When you look at a picture of the muscles in the human body, it’s easy to see how they are all connected. This interconnectedness is what lets us move our bodies in different ways, but it’s also what makes it so hard to diagnose and treat lower back pain.
Lower back pain is the fifth most common reason for all doctor visits in the United States. In spite of that, the causes of lower back pain are often a mystery. Dr. Evan Johnson, Director of Physical Therapy at The Spine Hospital at the Neurological Institute of New York, cites literature showing that doctors can diagnose a definite cause for non-specific lower back pain only about 15 percent of the time.
In a talk he gave to physical therapists at NewYork-Presbyterian Hospital, Dr. Johnson explained that part of the reason it’s so difficult to diagnose lower back pain is that elements of the spine are interdependent and may respond to the normal stresses of everyday life in a variety of ways.
The spinal column with all its associated joints and ligaments, the intervertebral discs and the systems of muscles around the spine all affect each other as well as the nearby pelvis and hip joints. This can make it difficult to tell exactly where the problem lies.
For example, hip problems and spine problems are closely related. Doctors call this hip-spine syndrome. Problems with the hip can place increased pressure on the spine, causing lower back pain.
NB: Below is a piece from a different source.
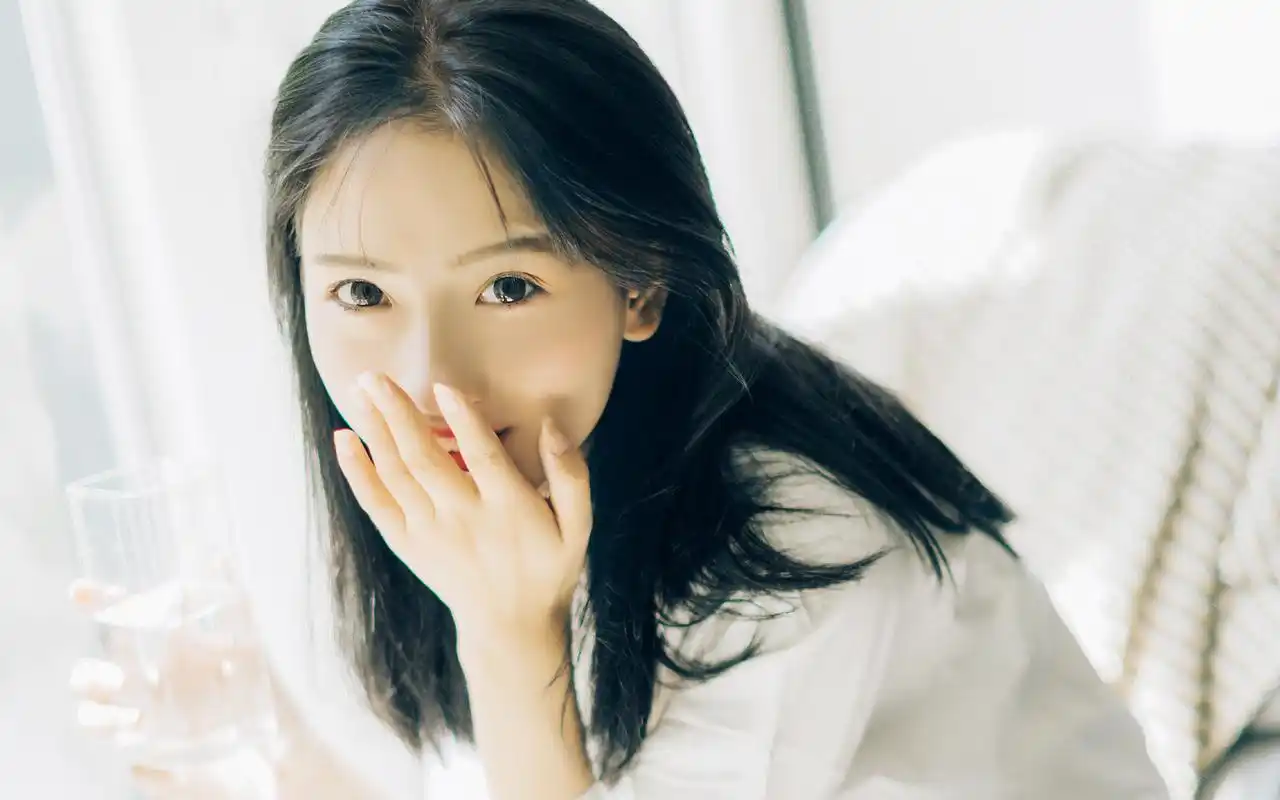 首页 桌面壁纸 美女壁纸 白衬衣性感美女私房撩人诱惑写真图片壁纸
Similarly, problems in the spine can radiate pain into the hip, causing hip pain.
The spine and the hip can also affect each other at the same time, Dr. Johnson said. Lower back pain can cause muscles to spasm and shorten, which in turn can reduce hip mobility. This reduced mobility can then place a greater load on the spine in everyday activities, which results in—you guessed it—lower back pain.
“Even in the age of highly sophisticated medical technologies,” says Dr. Johnson. “A thorough physical exam is often necessary to identify and most effectively treat a patient’s condition.” In service to this notion, Dr. Johnson has published and lectured on the principles of physical exam of the spine to audiences of neurosurgeons, orthopedic surgeons, pain medicine physicians, physical therapists and chiropractors in venues throughout the United States.
Interdependence isn’t limited to the physical body. Dr. Johnson also told the group of physical therapists that when lower back pain is chronic, fear plays a large part in how the patient recovers. He said patients sometimes develop “fear-avoidance behaviors” that keep them from going back to work or exercise, or from doing anything they fear might result in more pain.
The problem is that avoiding activity allows the muscles to weaken, which results in more pain. Dr. Johnson said this cycle of fear-avoidance behaviors often leads to disability and sometimes depression.
Dr. Johnson said physicians have to examine the patient carefully, taking the interdependence of the spine and the rest of the body into account, to find and treat the actual source of the pain. They also have to remember the role pain and fear play in healing, and to help patients not only regain physical health but manage their fear of back pain as well. It’s all connected.